Wednesday, September 05, 2018

Semusing #5 - The Oxymoron syndrome

I am mighty excited today, because my 'writer's block' decided to go on a break and I have a first person account to banter about, that has the potential of not being as boring as my previous musing. 

So let's talk music. Let's talk quirks, let's talk emotions,  let's talk tastes. Let's talk a speculation of being dropped on the head as a baby.

As I flip pages past to the eighties, I trace back to my love for a certain genre of music. And I have a strong feeling that this particular trait of mine was inspired by a particular song in a blockbuster from the eighties. It was from a movie called Hero and the director Subhash Ghai, I discover later, was the blue eyed boy of celluloid story telling back then. My maternal uncle, who is a huge music buff, was my wikipiedia of sorts. I used to linger around his conversations with his college friends with perked up ears cause there was so much information which was dispensed in there, that was awe inspiring. In one such eavesdropping episodes, I heard him rave about a singer named Reshma from Pakistan and how he actually bought the ticket to the film Hero multiple times just to listen to her sing. So there was a mention about Laxmikanth Pyarelal's flute as well. Uncle Raghu's conversations, I realized early on, were annotated with finer details cause he was a dog lover and a hard core connoisseur of the Carnatic style of music as he plays the mridangam himself.

I had the good fortune of listening to the tape at my grandfather's house and add up a visual thanks to DD1's chitrahaar..Lo and behold, I was smitten. I was very little to understand much but It was probably my first brush with the feeling of being in love though the object of my affections was very abstract. The nasal twang, the forlorn expression on the Heroine's face and the melancholic strain acted as the perfect catalyst to my 'happy sad song' syndrome. I was launched into the wonderful world of lyric, music and vocals. As I grew up, I gasp every time I see a sad number being played in a sufi strain, folk dialect and all that... I realize, just like me, Bollywood has been in love with the song too, to get inspired over and over and over again.

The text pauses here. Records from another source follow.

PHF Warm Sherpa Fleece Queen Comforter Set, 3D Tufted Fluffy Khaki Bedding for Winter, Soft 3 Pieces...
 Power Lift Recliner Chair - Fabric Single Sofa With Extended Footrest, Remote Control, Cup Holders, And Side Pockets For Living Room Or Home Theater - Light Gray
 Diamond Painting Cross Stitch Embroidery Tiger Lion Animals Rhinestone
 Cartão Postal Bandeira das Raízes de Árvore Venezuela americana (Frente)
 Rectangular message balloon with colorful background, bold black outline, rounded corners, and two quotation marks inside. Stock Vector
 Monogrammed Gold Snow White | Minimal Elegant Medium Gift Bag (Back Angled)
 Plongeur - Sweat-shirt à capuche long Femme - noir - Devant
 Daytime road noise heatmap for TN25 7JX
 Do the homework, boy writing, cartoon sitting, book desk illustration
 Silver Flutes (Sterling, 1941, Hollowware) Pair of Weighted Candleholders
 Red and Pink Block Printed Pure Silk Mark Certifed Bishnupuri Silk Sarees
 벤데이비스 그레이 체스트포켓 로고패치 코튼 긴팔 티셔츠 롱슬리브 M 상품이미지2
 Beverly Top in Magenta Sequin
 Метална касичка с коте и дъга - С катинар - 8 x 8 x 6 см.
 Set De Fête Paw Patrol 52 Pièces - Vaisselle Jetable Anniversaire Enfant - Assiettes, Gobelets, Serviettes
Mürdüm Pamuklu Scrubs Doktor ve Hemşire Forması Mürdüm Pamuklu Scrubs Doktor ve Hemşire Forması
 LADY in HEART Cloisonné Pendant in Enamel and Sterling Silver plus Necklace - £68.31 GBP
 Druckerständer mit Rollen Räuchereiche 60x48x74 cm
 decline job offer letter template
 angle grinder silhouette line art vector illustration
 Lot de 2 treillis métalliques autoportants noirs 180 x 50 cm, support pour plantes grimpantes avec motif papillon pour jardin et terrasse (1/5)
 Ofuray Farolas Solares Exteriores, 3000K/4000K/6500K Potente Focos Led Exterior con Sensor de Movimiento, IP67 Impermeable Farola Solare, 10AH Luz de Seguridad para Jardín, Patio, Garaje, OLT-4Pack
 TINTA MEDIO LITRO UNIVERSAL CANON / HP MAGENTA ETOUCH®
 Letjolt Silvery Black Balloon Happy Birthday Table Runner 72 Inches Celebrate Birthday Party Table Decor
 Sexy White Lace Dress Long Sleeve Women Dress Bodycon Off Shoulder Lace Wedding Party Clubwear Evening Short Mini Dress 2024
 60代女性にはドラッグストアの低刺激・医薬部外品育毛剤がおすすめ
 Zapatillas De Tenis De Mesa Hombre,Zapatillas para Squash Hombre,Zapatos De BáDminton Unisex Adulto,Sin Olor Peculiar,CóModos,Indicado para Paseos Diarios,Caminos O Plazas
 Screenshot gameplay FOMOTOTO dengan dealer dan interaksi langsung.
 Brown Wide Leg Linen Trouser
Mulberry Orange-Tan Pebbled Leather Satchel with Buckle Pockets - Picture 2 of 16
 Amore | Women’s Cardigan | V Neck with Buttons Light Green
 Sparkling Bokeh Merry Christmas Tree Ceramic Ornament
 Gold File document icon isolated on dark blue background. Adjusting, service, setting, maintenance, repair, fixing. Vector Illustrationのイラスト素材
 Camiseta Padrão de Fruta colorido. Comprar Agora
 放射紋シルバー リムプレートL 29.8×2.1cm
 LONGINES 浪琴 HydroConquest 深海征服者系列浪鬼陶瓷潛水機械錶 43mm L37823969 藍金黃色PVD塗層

It was all good. I loved crooning in a happy mood, all the sad songs that caught my attention. As I grew up, the data base of songs increased and I used to grind my mother's nerves to no end singing them in the background. I had this uncanny ability to pick on the most morose of lyrics that metaphorically spoke about death and my mom used to blow hot n cold asking me to shut up. I once asked her to elucidate why she disapproved every time I sang "O papa lali" number from Geetanjali.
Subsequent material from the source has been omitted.